Afin de préserver son pouvoir d’achat, la réaction de se prémunir contre un affaiblissement du CHF face à l’euro apparaît naturelle pour les frontaliers, cette réaction n’est toutefois pas sans conséquences.
En effet, bloquer un taux de change auprès de sa banque n’est pas acte de gestion courante qui est anodin. Il s’agit au contraire de la mise en place d’un contrat qui vous engage fermement pour une durée d’une année au maximum.
Les clauses contenues dans ces types de contrats vous engagent à fournir x milliers de CHF à votre banque sur la période convenue ( 3, 6 9 ou 12 mois )…
En général, ces mêmes clauses ne prévoient aucune possibilité de sortie anticipée du contrat peu importe la cause qui motive votre souhait d’interrompre ce contrat avant son échéant naturelle.
En clair, si :
- vous êtes licencié
- votre revenu baisse
- le CHF ne prend pas la direction envisagée
- … etc…
vous devrez malgré tout aller au terme du contrat et fournir à votre banque la quantité de CHF convenue.

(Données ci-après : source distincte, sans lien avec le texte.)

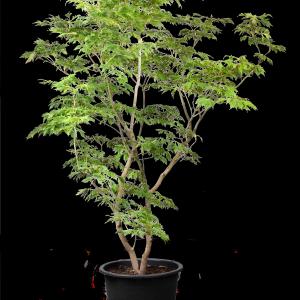 Acer japonicum 'Aconitifolium'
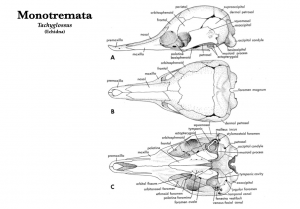 Mammal Skulls – Morphology of the Vertebrate Skeleton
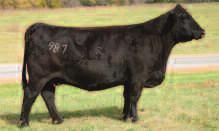 12 FSF McKenna 987 DOB: 1-2-09 ASA pending Dream On Angus Nichols Legacy CNS Sheeza Dream Bred to calve January 20, 2016 to WLE Big Deal This deep, powerful cow should really connect to Big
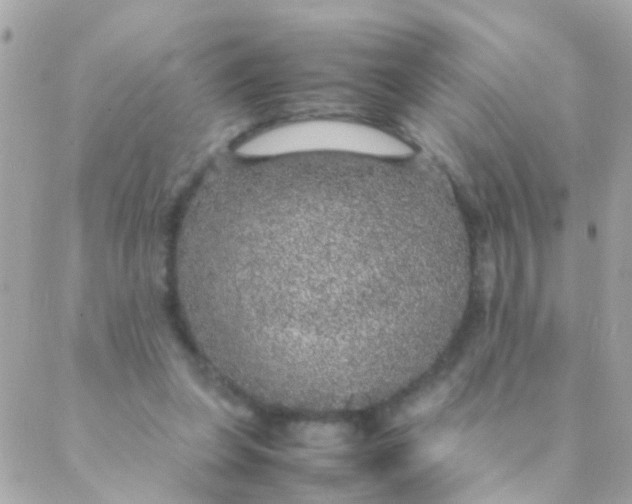 X0000088230255200706051355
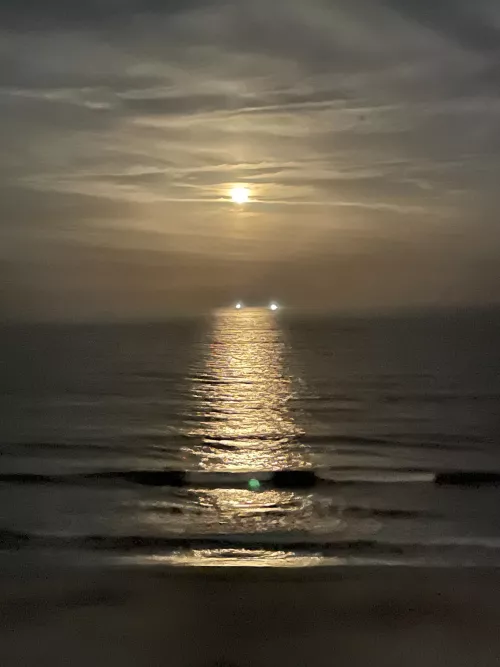 Beautiful moon rise tonight by VagariTurtle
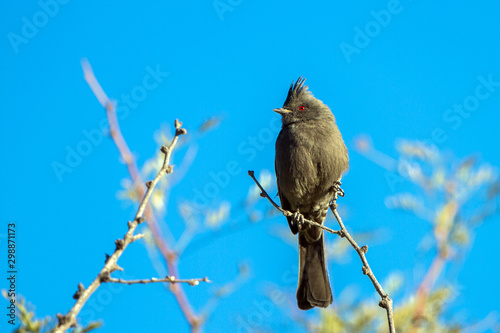 Female Phainopepla or Silky Flycatcher against a blue sky in the Mojave Desert of southern Nevada photo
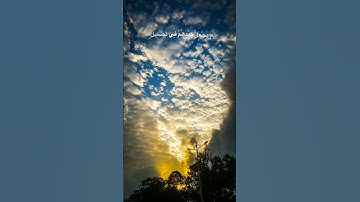 ﴿ألم تر كيف فعل ربك بأصحاب الفيل﴾ للقارئ الشيخ : ماهر المعيقلي 🌼💙.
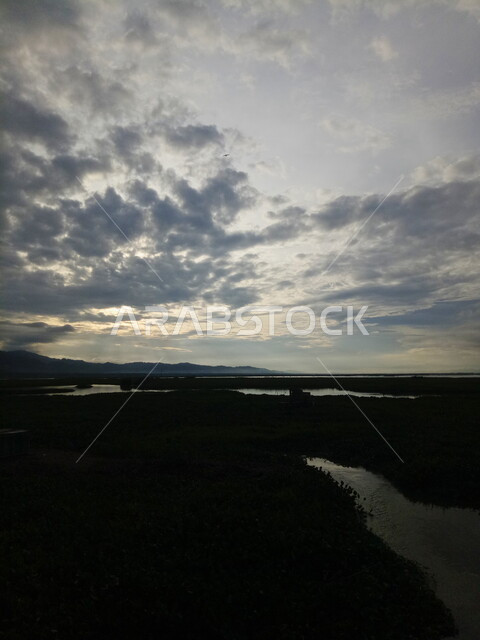 منظر لبحيرة مائية عند الغروب , بحيرات و أنهار , مناظر طبيعية ,  نباتات مائية , خلفيات طبيعية .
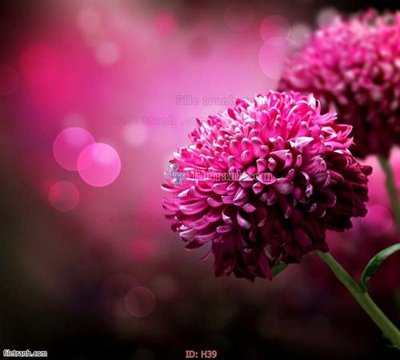 File tranh gốc file tranh hoa H39 (bản quyền) độc đáo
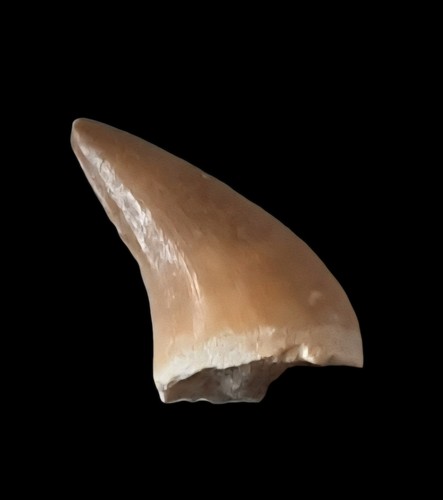 Dent mosasaure fossile - dent,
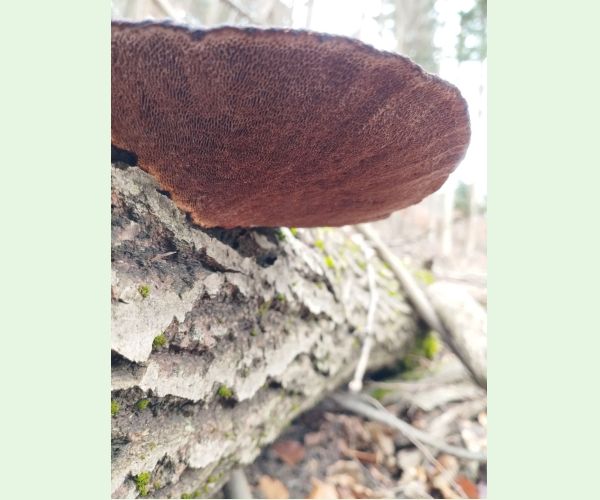 Sieťkovček červenkastý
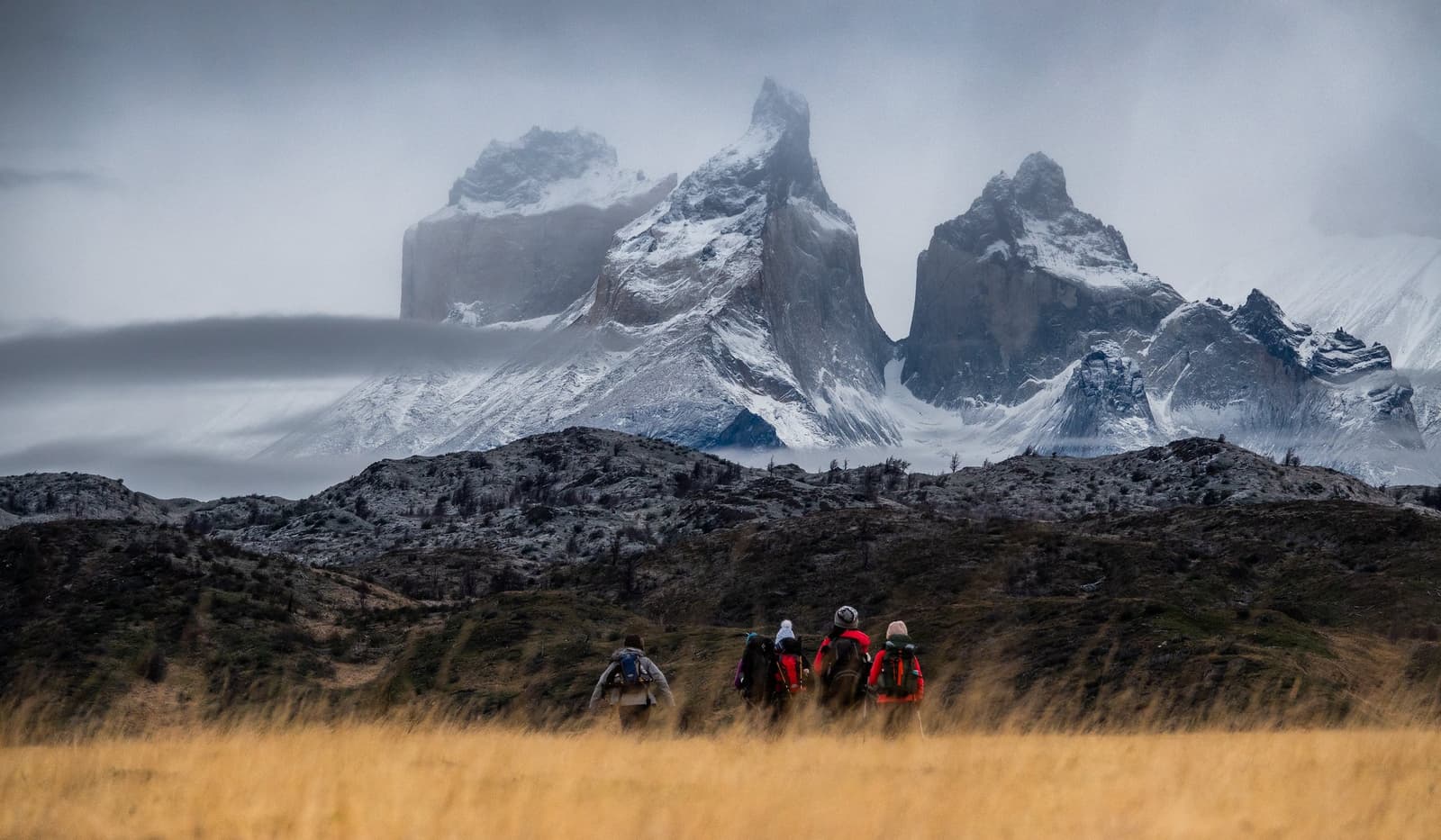 Four packs, four people, and a mountain range that clearly didn't get the memo about subtlety. Four hikers with backpacks walk across golden grassland on the self-guided O Circuit, with the snow-dusted granite horns of Cuernos del Paine rising through storm clouds behind them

Pourquoi une telle rigidité dans ce type de contrat ?
L’exemple concret détaillé ci-dessous va permettre d’expliquer les causes de cette rigidité ainsi que les mécanismes en jeu.

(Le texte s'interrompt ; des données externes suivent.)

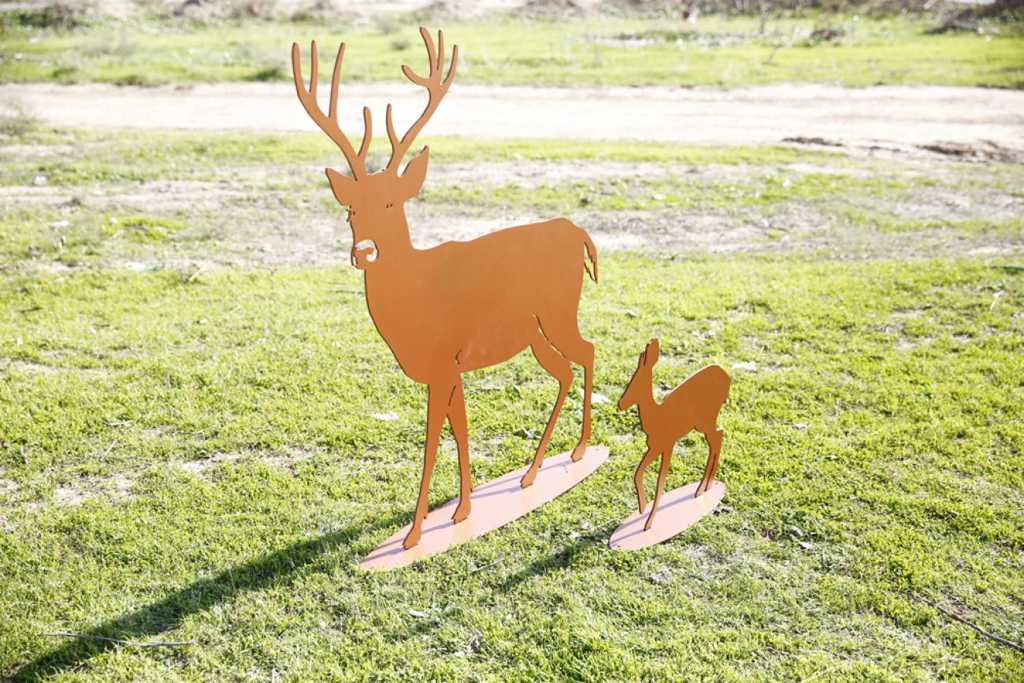 Deer · Cutting & Covering - IDEA.AZ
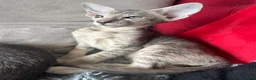 Peterbald cats for sale: Tica registered Peterbald girls  in Maidstone - Advert 3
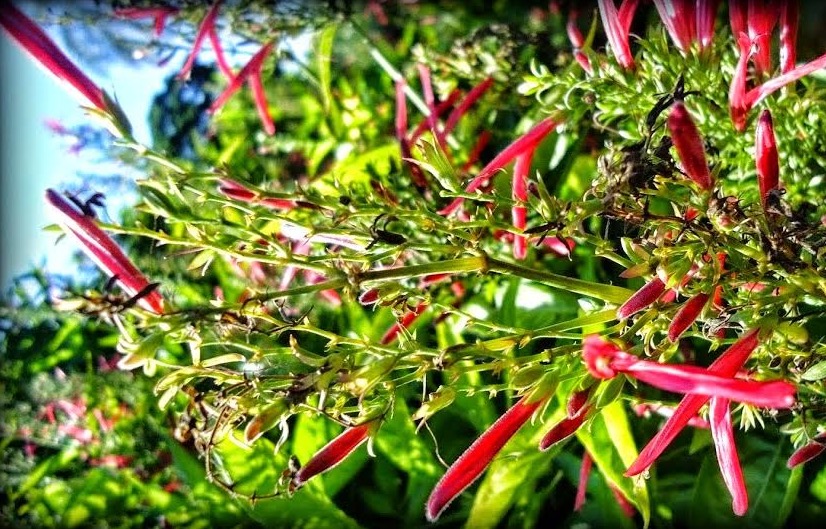 Planta nativa é indicada para inflamações ginecológicas 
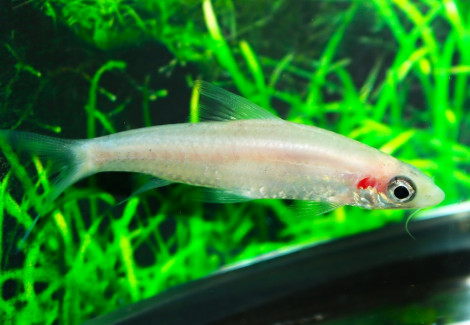 Sahyadria Denisonii Platinum M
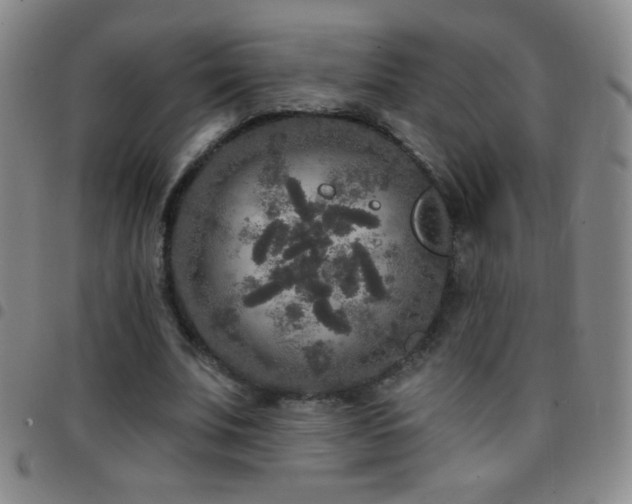 X0000097850679200803141217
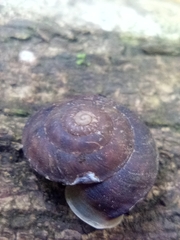 Helicigona lapicida
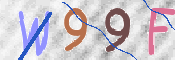 この文字を入力してください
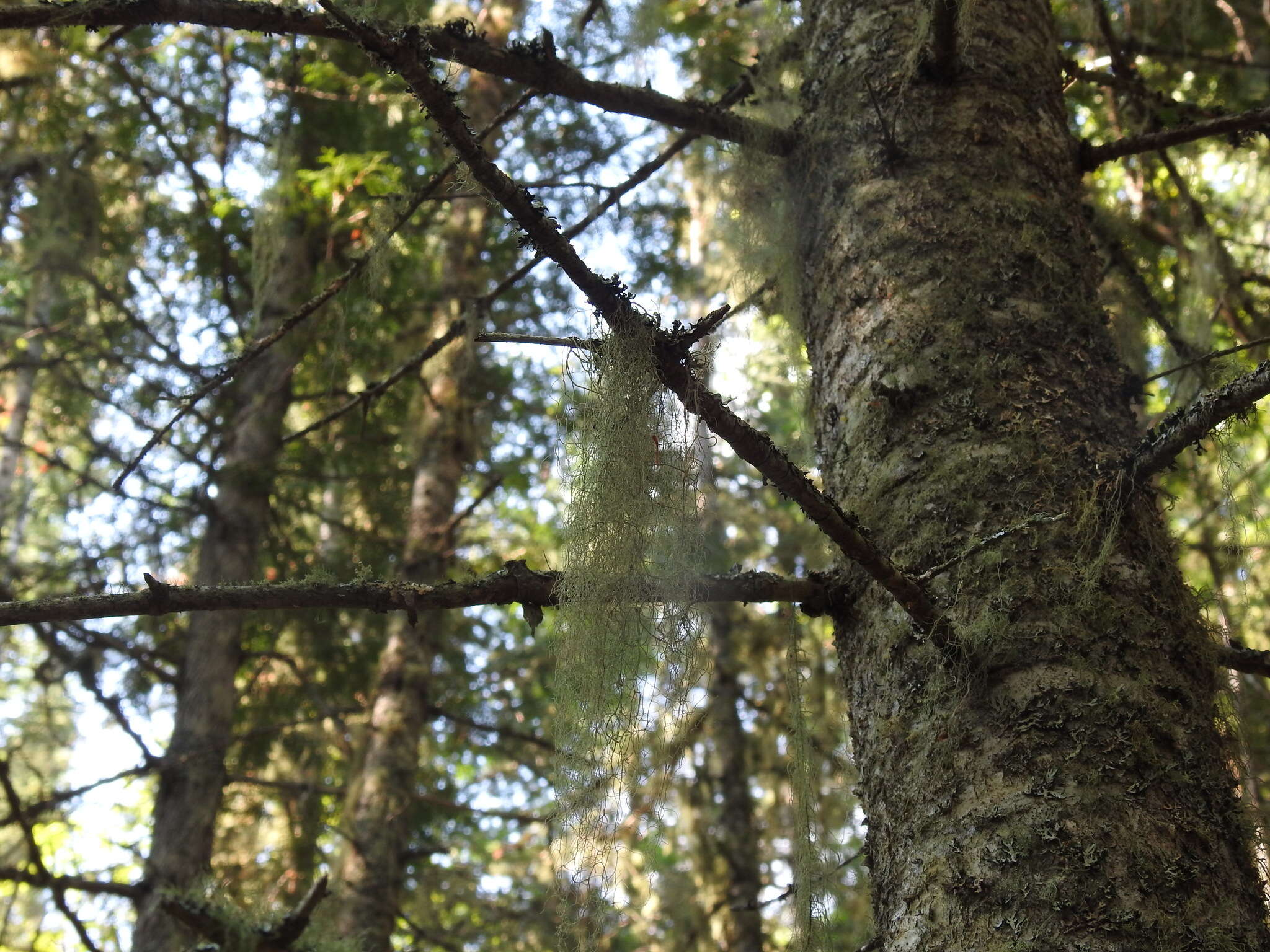 Image of cavern beard lichen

1 ) vous signez avec votre banque un contrat qui stipule que:
- la banque vous garantit un taux de change à 1 € = 1.15 CHF pour chacun des versements de 4 000 CHF / mois que vous ferez durant une année
- en contre partie vous vous engagez à bien effectuer 12 versements de 4 000 CHF soit au total 48 000 CHF au bout de d’une année
2 ) parallèlement, la banque va souscrire sur le marché à terme un contrat qui va lui permettre d’obtenir tout de suite la somme de 41 739 € en contre partie d’une somme de 48 000 CHF qu’elle s’engage à remettre en une fois au bout d’un an soit un taux de change de 1 € = 1.15 CHF.
3 ) chaque mois lorsque vous verserez vos 4 000 CHF à la banque, cette dernière convertira cette somme en Euros pour un montant fixe de 3478 € qu’elle ira piocher dans la réserve des 41 739 € qu’elle a constitué au départ. Le mécanisme qui permet à la banque de vous offrir une garantie sur le taux de change EUR / CHF réside dans cette intervention de sa part sur le marché à terme et dans le fractionnement qu’elle opère par la suite.

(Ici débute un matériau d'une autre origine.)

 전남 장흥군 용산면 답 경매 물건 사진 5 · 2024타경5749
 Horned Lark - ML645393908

4 ) vous faites 3 versements de 4 000 CHF soit 12 000 CHF puis vous disparaissez. Au bout de l’année, il va manquer à la banque 36 000 CHF pour honorer son obligation de restituer les 48 000 CHF. Il reste également à la banque 31 311 € qu’elle n’a pas pu vous remettre faute d’avoir reçu vos CHF. La banque va devoir changer cette somme libellée en Euros pour tenter de retrouver les 36 000 CHF manquants. Le taux de change en vigueur au moment de cette opération imprévue est inconnu. Si le taux de change est de 1 € = 1.05 CHF en changeant 31 311 € la banque va se retrouver avec 3 276 CHF soit une perte de 3 123 CHF par rapport au 36 000 CHF qu’il lui faut.
La banque cherchera à vous refacturer cette perte car elle n’est pas à l’origine de l’anomalie ( votre arrêt des versements de CHF ) qui l’a causée.
Votre banque connaît ce risque et cette situation n’est souhaitable ni pour vous ni pour elle. C’est pour cette raison qu’elle est aussi stricte dans la rédaction du contrat de couverture de change que vous signez avec elle et qui ne prévoit aucune porte de sortie anticipé car l’aléas sur le change est dans ce cas est bien trop grand. Si l’arrêt unilatéral de vos versements de CHF entraîne un gain pour la banque au moment où elle solde son contrat à terme, elle ne va pas vous restituer ce gain car l’objet du contrat n’est pas la spéculation. Si le contrat se déroule normalement, il ne génère aucune perte ou aucun de gain de change, c’est là le but recherché.
Dans le cadre d’une couverture du risque de change, votre banque joue pleinement son rôle d’intermédiaire financier en mettant à votre disposition des outils de marché qui ne sont pas immédiatement accessibles aux particuliers.